Damore is highly educated. He has a master’s degree in systems biology from Harvard. But as Yonatan Zunger, a former senior manager at Google, pointed out, the skills that qualify you as a coder are nothing like the ones that make you a good manager. Especially when you’re trying to develop and improve a product that will be used by hundreds of millions, or in Google’s case billions, around the world. For that you need empathy and wide-ranging social experience.

sexual harassment tech industry segall
My tech adviser exposed himself to me
02:06 - Source: CNN

Google should know. In February 2010, desperate to catch up with Facebook, it released Google Buzz, a “social network” which constructed itself based on your email inbox. If you had a Gmail account, you were automatically opted in: If people email you, you definitely want to connect with them, right?

Wrong. Within days, the problems were obvious and perhaps best highlighted by the widely reported case of a woman whose abusive ex-partner could see who she was now going out with by looking at her (by default, public) “Buzz profile.”

Googlers were dumbstruck: they’d tested Buzz internally for weeks, months and never had that trouble! But any woman who has suffered harassment could have pointed out the potential problem at internal review.

Google was sued by the US Federal Trade Commission and given mandatory privacy reviews for 20 years. Buzz was shut down in December 2011. Google also settled the lawsuit filed by the woman who said that she had been connected with her ex-husband and other Google users complaining of a violating of privacy, but did not acknowledge any wrongdoing.

Managing big teams requires the interpersonal skills that Damore says women tend to have. But if women are better suited to that – and men less well-suited – how come there are so many men in jobs they’re not suited for?

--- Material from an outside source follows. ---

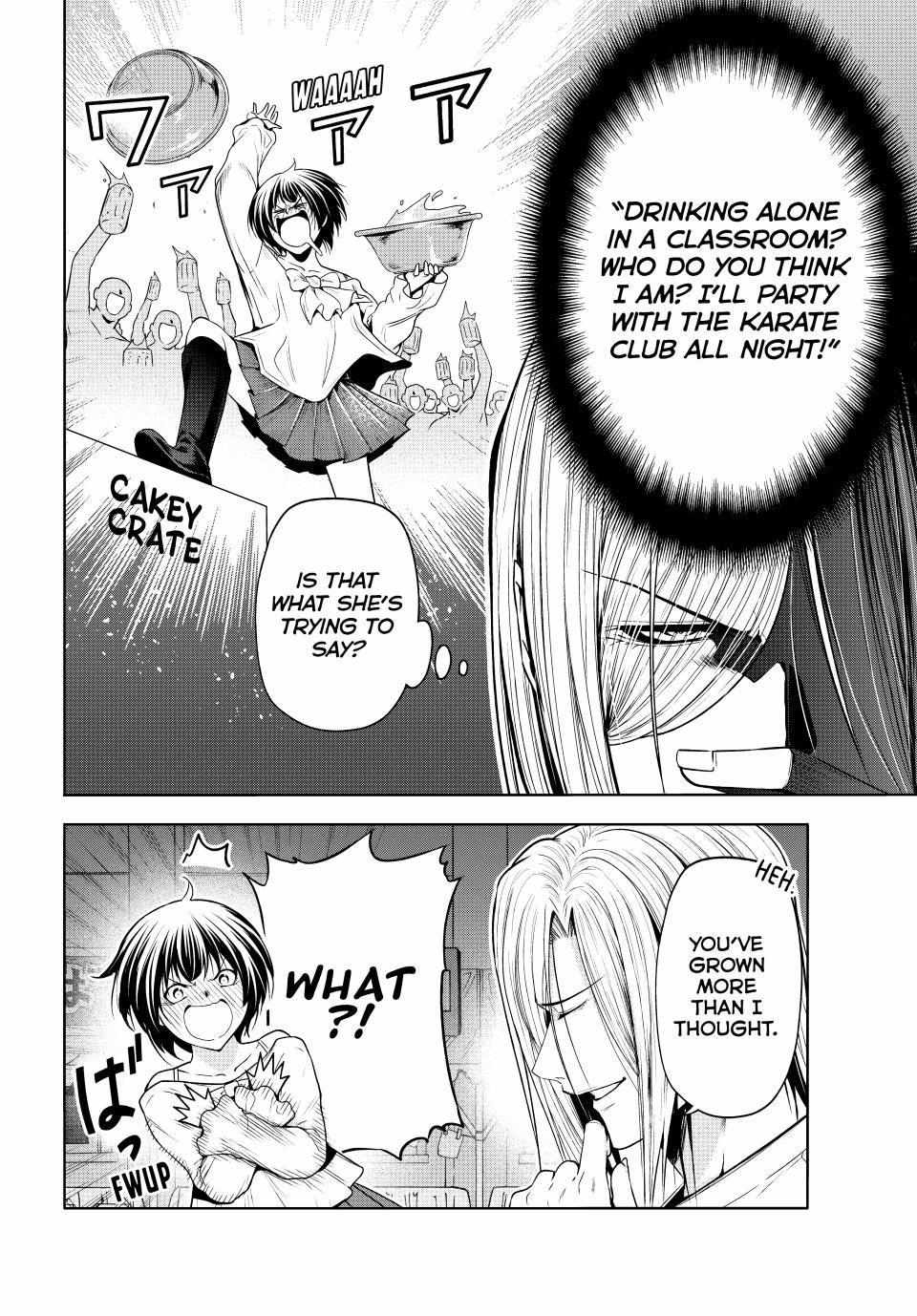 Grand Blue Chapter 95 - Page 8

Might there be some sort of positive discrimination in favor of men going on?

Imagine what Twitter might be like if it had been designed from the start by people who had experienced harassment: would it be such a ferment of fakes and bile? Would an Uber founded by a woman have the internal sexism problem women employees have claimed?

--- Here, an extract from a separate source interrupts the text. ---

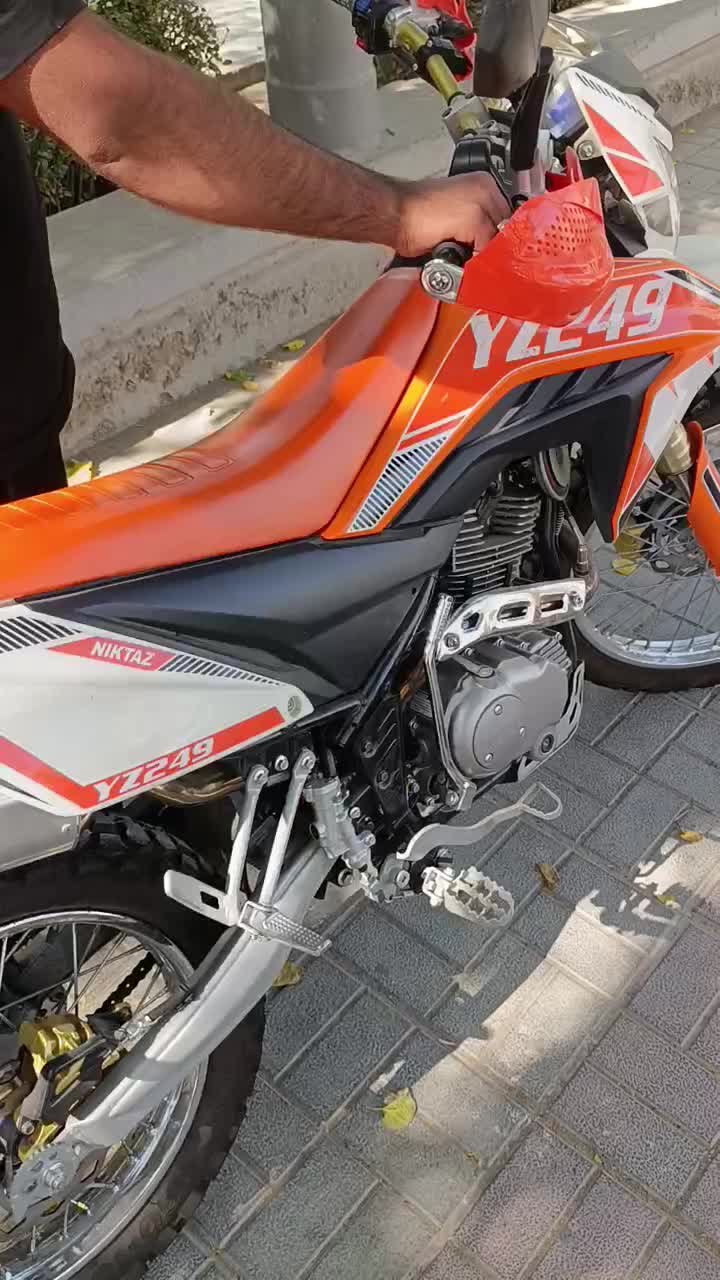 موتور تریل yz 250 یاماها هوندا|موتورسیکلت|اصفهان, خانه اصفهان|دیوار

As Zunger also points out, if you draw from the broadest possible selection, you’ll get the best possible people. That’s why racial and gender diversity in hiring is good: not for abstract reasons, but because you’re selecting from the world rather than your backyard.

This incident will leave anger in its wake. “The women I know at Google are some of the most brilliant people I know,” commented Leigh Honeywell, tech fellow at the ACLU, on Twitter. “The memo was an insult to their work.”

Honeywell also short circuits the predictable complaints about Damore and Google parting ways by pointing to the “paradox of intolerance”: if you tolerate absolutely anything, including intolerance, then you’ll be overwhelmed by the intolerant. Thus, you have to draw lines somewhere.

Post-rationalizing memos which fail to see inherent biases are a good place to start.

This article has been corrected to reflect that according to Harvard University, James Damore received a master’s degree in Systems Biology in 2013, not a PhD.